One of her older sisters is an associate professor of interdisciplinary studies at Worcester State University who did her dissertation research on the labor rights movement in Bangladesh, especially after the 2013 collapse of a building in Dhaka that housed multiple garment factories. More than 1,100 workers – mostly women – died, and another 2,600 were injured.

That event also inspired Tanjeem to study how the global economy reinforces inequalities between the world’s wealthy northern and developing southern blocs. She decided to follow her older sisters to the United States to finish her education so she could understand the impacts of globalization from both sides. 

Tanjeem earned a bachelor’s degree in global studies at Lesley University, doing her honors capstone research on public perceptions of Rohingya Muslims, who fled mass violence and cultural genocide in Myanmar. Nearly 890,000 Rohingya are now in refugee camps in Bangladesh, according to the United Nations High Commissioner for Refugees.

“As days and years pass by, the anti-refugee narrative is growing – that refugees are a threat to economic security and national security,” she says. “I also looked at how Rohingya activists used media to counter those narratives.”

Tanjeem also became a labor rights activist and filmmaker in her spare time, documenting labor actions by dining hall workers at a group of Boston-area universities. She now serves as a union officer for UML’s Graduate Employee Organization, which represents graduate teaching and research assistants.

Tanjeem decided to pursue her Ph.D. at UMass Lowell after hearing Psychology Assoc.
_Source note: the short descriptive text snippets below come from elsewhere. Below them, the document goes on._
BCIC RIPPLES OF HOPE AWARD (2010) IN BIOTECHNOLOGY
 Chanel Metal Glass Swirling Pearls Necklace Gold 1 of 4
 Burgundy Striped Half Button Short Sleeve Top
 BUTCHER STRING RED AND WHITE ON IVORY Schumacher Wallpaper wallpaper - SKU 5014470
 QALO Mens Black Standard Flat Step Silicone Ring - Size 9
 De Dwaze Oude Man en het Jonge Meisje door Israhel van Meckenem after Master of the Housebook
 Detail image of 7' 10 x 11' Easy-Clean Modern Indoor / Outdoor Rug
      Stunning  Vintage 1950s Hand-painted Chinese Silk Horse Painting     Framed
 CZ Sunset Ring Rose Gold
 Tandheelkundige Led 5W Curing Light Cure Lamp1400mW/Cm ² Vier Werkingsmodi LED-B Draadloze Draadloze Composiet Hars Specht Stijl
Prof. Urmitapa Dutta, a community social psychologist who is affiliated with the Global Studies Ph.D. program, speak at an event about her participatory action research with grassroots organizers from Miya communities in northeast India.

“I was fascinated by her activist and feminist research,” Tanjeem says. “Our research interests overlapped.”

Tanjeem says she has benefited from the interdisciplinary nature of the Global Studies Ph.D. Program, which has given her the ability to customize her studies to her interests and to do research with Dutta and other faculty from a range of disciplines.

Tanjeem, who works as a teaching assistant for undergraduate classes in sociology, philosophy and political science, says she loves teaching, too, and aspires to an academic career.

“I feel really hopeful in classes when I hear how passionate students are for social change,” she says. “They want to make the world a better place.”